* Your task
Return every record below exactly as written, omitting any pictures.

(Records shown)

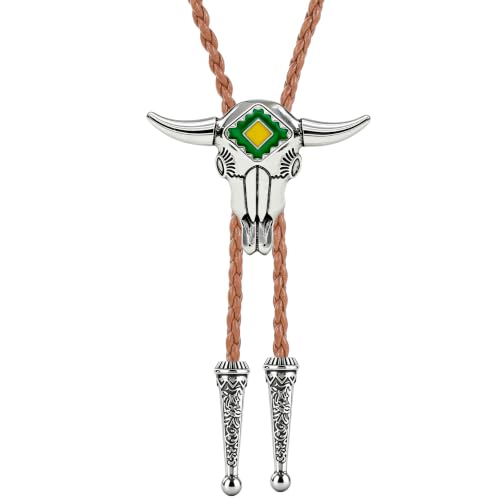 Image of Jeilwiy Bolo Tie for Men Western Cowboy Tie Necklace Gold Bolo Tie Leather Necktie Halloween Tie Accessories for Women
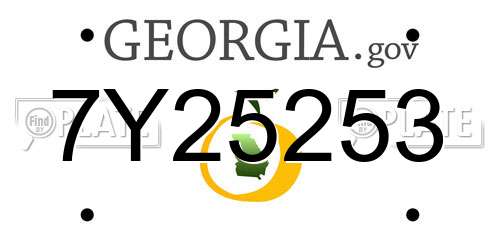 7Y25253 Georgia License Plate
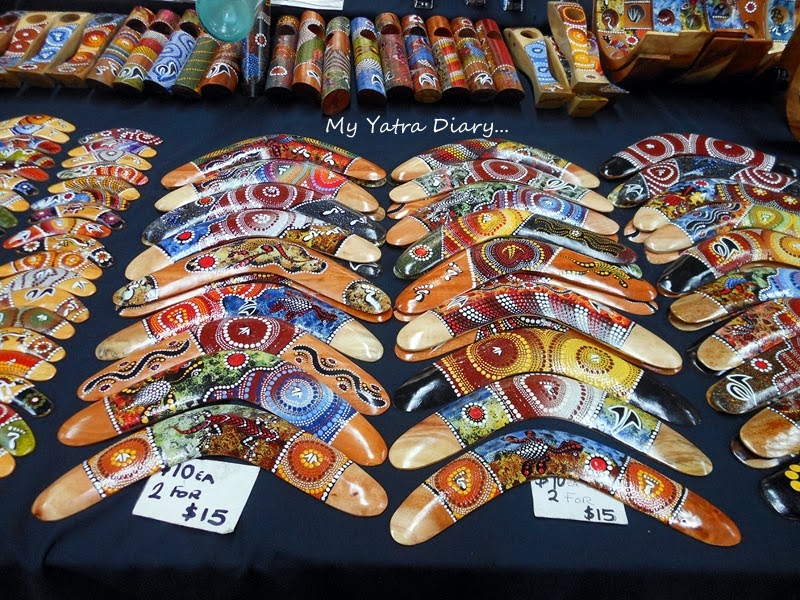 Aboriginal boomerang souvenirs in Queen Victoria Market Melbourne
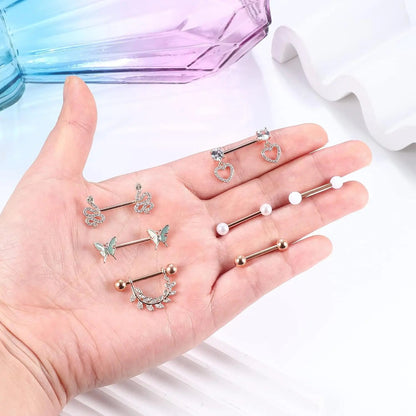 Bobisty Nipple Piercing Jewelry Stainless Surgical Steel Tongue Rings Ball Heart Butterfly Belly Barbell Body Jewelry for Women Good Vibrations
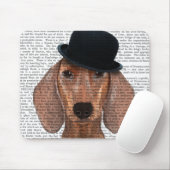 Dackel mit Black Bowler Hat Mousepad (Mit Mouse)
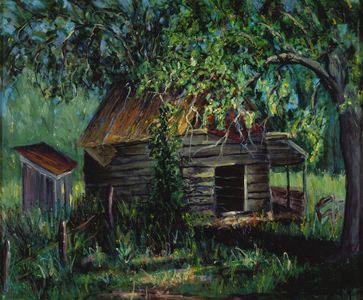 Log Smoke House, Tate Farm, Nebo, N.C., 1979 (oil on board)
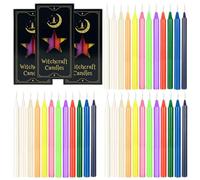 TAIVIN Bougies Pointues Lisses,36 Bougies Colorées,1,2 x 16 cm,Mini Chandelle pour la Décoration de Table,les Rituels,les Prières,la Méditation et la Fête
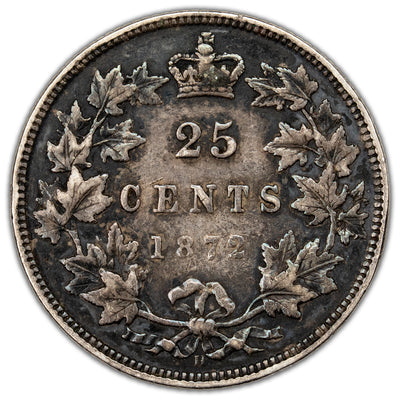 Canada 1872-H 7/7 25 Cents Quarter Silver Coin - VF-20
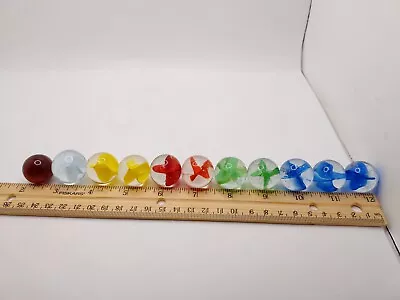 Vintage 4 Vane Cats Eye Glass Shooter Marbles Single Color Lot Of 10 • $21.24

(End Records shown)

* Reply to the exercise
 Image of Jeilwiy Bolo Tie for Men Western Cowboy Tie Necklace Gold Bolo Tie Leather Necktie Halloween Tie Accessories for Women
 7Y25253 Georgia License Plate
 Aboriginal boomerang souvenirs in Queen Victoria Market Melbourne
 Bobisty Nipple Piercing Jewelry Stainless Surgical Steel Tongue Rings Ball Heart Butterfly Belly Barbell Body Jewelry for Women Good Vibrations
 Dackel mit Black Bowler Hat Mousepad (Mit Mouse)
 Log Smoke House, Tate Farm, Nebo, N.C., 1979 (oil on board)
 TAIVIN Bougies Pointues Lisses,36 Bougies Colorées,1,2 x 16 cm,Mini Chandelle pour la Décoration de Table,les Rituels,les Prières,la Méditation et la Fête
 Canada 1872-H 7/7 25 Cents Quarter Silver Coin - VF-20
 Vintage 4 Vane Cats Eye Glass Shooter Marbles Single Color Lot Of 10 • $21.24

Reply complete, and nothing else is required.